Your task in this project is to design a file system (or file system modification)
that allows a user to make these types of queries about file usage. In a sense,
the file system will maintain a collection of links that define the relationship
between files and programs that created them.
To do this, you need to figure out how to merge file metadata with
process accounting data in some kind of coherent manner. Specifically,
for each process that runs on the machine, a record that minimally records
the following information needs to be created:
- What program ran? (i.e., which executable file was used).
- What files were used as input?
- What files were generated as output?
Using this information, it is possible to construct a large graph that
encodes dependencies between files and programs. This information, in turn,
can be used to answer questions about the origin and use of specific files.
Your Task
Your task is to think about how you might modify the operating system and/or the
file system to provide this extra functionality. To do this, you need to
address the following questions:
Part I : Data Collection
- How would go about collecting file information from a process? In other words,
how would you collect information about opened files, read files, modified files, etc?

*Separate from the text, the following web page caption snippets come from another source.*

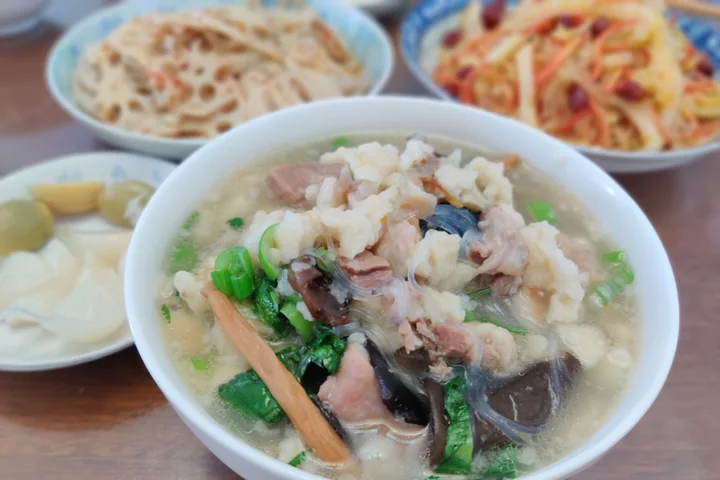 A finished bowl of Xi’an yangrou paomo with torn bread, sliced lamb, glass noodles, wood-ear mushroom and herbs, with pickled garlic and cold dishes behind it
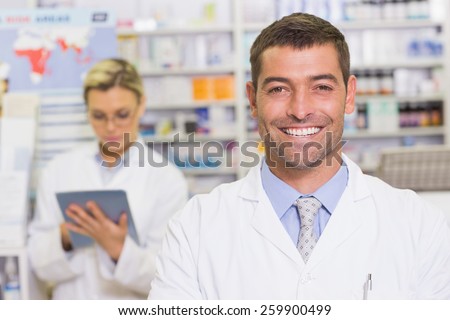 Happy pharmacist looking at camera at the hospital pharmacy
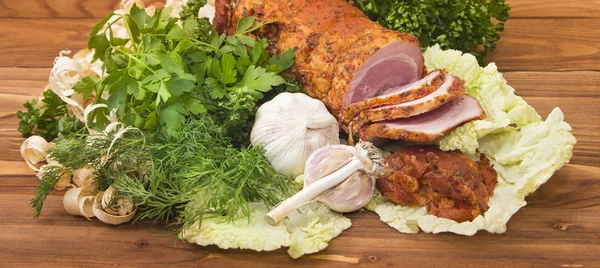 Baked boiled pork with greenery — Stock Photo, Image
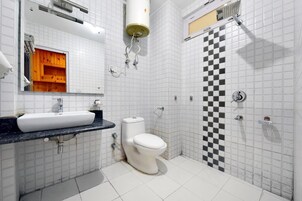 Shower, free toiletries, slippers, towels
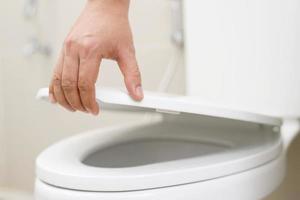 proche en haut main de une femme fermeture le couvercle de une toilette siège. hygiène et santé se soucier concept. photo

- What kind of information would be collected and how much space would it take?
- What is the performance impact of collecting this information?
Part II : Data Representation
- How would you incorporate process data with file metadata? Where would the
extra information be stored? How would it be stored?

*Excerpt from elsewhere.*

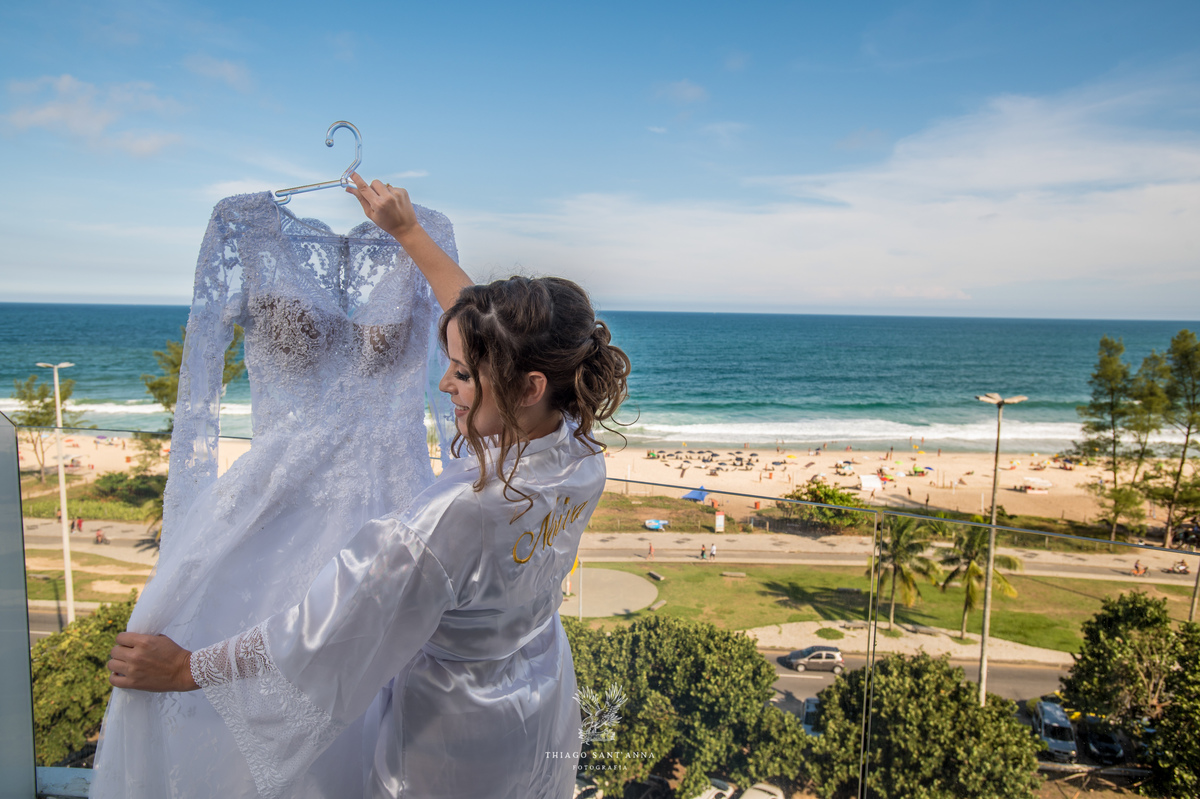 noiva na sacada admira seu vestido paisagem praia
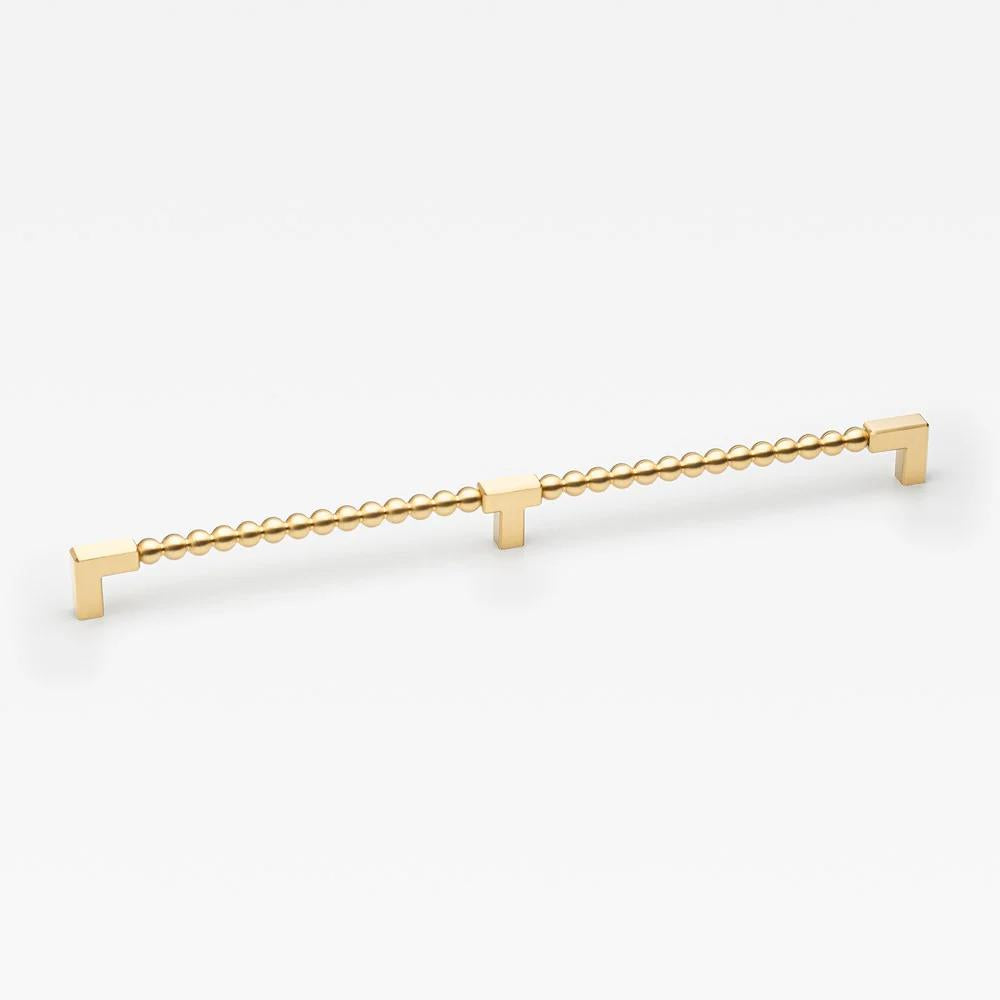 Large Lo & Co ORBE cabinet pull mounted on a cabinet, showcasing sleek modern hardware by Lo & Co Interiors.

- Would you modify inodes to include extra information? If so, what would
you add? If not, how would you store extra information?
- Are there any ways to reduce the amount of stored information?
Part III: Queries
- Given a file, how would you display a list of all programs that read
that file? How long would it take?
- Given a file, how would you list the program that created it? How
long would it take?
- How would the file system be used to answer the example queries in the previous
section?
Part IV: User Interface
Think of a nice user interface for performing file queries. What would be the
easiest way for a user to use the file system?
Part V: Corner Cases
- Are there any tasks where recording this extra information would be problematic?
For example, it generates too much data or recording it is irrelevant.
- A lot of programs generate short-lived temporary files. How would the file
system handle temporaries?
- More generally, how would the file system handle file removal? How is the metadata
updated?
- How would the file system deal with mundane tasks like backups, copies, moves, file renaming, etc?
- Are there any other corner cases?
Part VI: Random Thoughts
- Would building this file system be feasible? If so, why? If not, why not?
- Do you think a file system like this would be useful?
Grading
There is no right solution to this project. Your grade is determined by
the level of detail provided in answers to the above questions.